(Hey Icy. I'm a long time lurker and admirer of the site, and I've finally decided to throw myself into the brutally honest community that is the forum. Below is my first real stab at a game review--I'm currently a high school student, and have, as of late, found my growth as a writer to be something nearing nonexistent. I hope to improve to the level of being able to actually, you know, write a competent review, and am looking forward to criticisms and suggestions from both you and the community. Also: The intro. paragraph was initially an overly-general and pointless attempt at depth, or something. I spared us both the trouble).
Shin Megami Tensei: Persona
Rating: **
Shin Megami Tensei: Persona is a localization redux of the 1996 Japanese Playstation game Megami Ibunroku: Persona. Owing to both the recent success of Playstation 2 releases Persona 3 and Persona 4, and the snafu ridden original localization (in which, among a litany of unfortunate decisions, a character was blackfaced and given a fittingly stereotypical vocabulary in an effort to make the game more appealing to an American audience), the newly staffed Atlus USA gave the game a proper, and—for what it’s worth-- culturally sensitive, treatment.
The events of Persona are both hectic and bizarre. Within minutes of the opening, demons overrun the city of Tokyo, a friend mysteriously recovers from a life threatening illness, side characters die in awkward bouts of melodrama, and the playable group awakens to the power of “persona”—borrowing a bit superficially from the writings of Carl Jung, personae are explained as the mask needed to face the troubles of the world made manifest (though, for as much as this matters in the context of the story, they could be called anything). *
Battles initially occur in urban locales-turned-dungeons--multi-floor mazes seen through a first person perspective. The unfortunate aging of the graphics are especially jarring here, as nearly unchanging, poorly detailed patterned floors and walls become the scenery anywhere from several minutes to several hours.
Battles occur at random. The spacing between these encounters, keeping with RPG tradition, is anything but generous, which, oddly enough, often allows for the clearing of a dungeon with minimal additional grinding--though the player is often met with a stark increase in enemy level when starting the next dungeon--a false, and disappointing, sense of having escaped the grind.

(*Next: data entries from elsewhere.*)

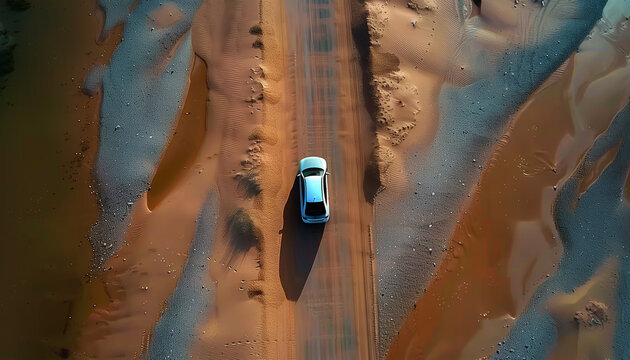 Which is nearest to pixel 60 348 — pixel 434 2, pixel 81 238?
pixel 81 238

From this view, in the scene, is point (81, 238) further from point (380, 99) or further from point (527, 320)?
point (527, 320)

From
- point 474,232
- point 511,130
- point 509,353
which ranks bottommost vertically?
point 509,353

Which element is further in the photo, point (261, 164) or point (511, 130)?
point (511, 130)

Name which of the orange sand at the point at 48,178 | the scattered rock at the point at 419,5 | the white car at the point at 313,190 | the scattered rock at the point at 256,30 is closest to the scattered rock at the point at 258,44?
the scattered rock at the point at 256,30

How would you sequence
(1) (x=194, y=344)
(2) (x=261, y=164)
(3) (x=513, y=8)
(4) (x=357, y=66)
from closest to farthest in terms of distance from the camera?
1. (1) (x=194, y=344)
2. (2) (x=261, y=164)
3. (4) (x=357, y=66)
4. (3) (x=513, y=8)

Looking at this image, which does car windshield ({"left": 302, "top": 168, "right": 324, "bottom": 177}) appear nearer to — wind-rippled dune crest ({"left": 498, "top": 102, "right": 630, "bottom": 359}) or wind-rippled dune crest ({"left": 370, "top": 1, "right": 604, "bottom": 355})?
wind-rippled dune crest ({"left": 370, "top": 1, "right": 604, "bottom": 355})

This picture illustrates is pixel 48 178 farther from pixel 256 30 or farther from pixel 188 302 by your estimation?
pixel 256 30

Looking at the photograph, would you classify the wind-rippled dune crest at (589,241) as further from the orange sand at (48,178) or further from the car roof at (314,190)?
the orange sand at (48,178) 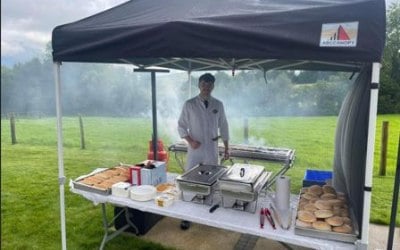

As with most RPGs, fights are fairly straightforward and mindless at introduction, but soon become convoluted battles of attrition. Boasting a total of 14 negative status ailments, (a great deal of which cause characters to lose multiple turns, chunks of health, or both), it is not that uncommon a scenario to find the whole of the party unable to act, leaving the player to view either a certain, and lengthy, death, or, if sufficiently overleveled, a scenario concluding with a member or two barely holding on.
Such situations are, understandably, frustrating. Particularly telling of any game is whether a death feels deserved or contrived, and, conversely, whether winning brings about a sense of satisfaction in the player. It is a failing of the game, in both loss and victory, that play feels mechanical—that little strategy, little thought, needs to be implemented by the player.
This contrivance is most evident in an oft-touted feature of the game—the Contact system. Rather than battle enemies, players are given the choice of ‘contacting’ them—communicating with a limited set of commands (including ‘Dance’ and ‘Insult’--this is a perfectly classy affair). Demons are given a handful of vague traits (ex. Haughty, joyful, snappish), and players are left to decipher which set of commands will pique the demon’s Interest level for a substantive reward(as opposed to making the enemy Happy, Angry, or Sad).
Perhaps, if there were some level of sense or consistency in this system, it would work. As is, nearly all commands will make Demons either Angry or Happy, and what seemingly at-random combination of commands eventually raises Interest levels is in no way guaranteed to raise the Interest level when used later (it may, in fact, make them angry!), rendering the Contact system a guessing game—more annoyance than interesting, or necessary, addition.
Worse still is that the purpose of this system--the gaining of Spell Cards used to create additional personas--hardly needs to be used for an unsettlingly large portion of the game. In the first 12 hours of play, I made a total of one Persona. One. In all situations preceding, victory was won with the default set of personas, using largely the same sets of commands. It is no surprise, then, that the game comes with an 'auto' (repeat) function--it needs it. It is a mockery, really--evidence that play requires leveling more than thought, mindless repetition more than involvement.
Persona is a perfectly competent game—but so utterly devoid of charm, consistency, characterization, or strategical depth, (all things needed to sufficiently justify the playing of a dozens-hour JRPG) though, that the game fails to set itself apart from other RPGs in any positive way. If anything, this remake serves as a reminder of the merit of later games in the series—games that manage to be unique, challenging, and enjoyable, a combination that this game just doesn’t get right.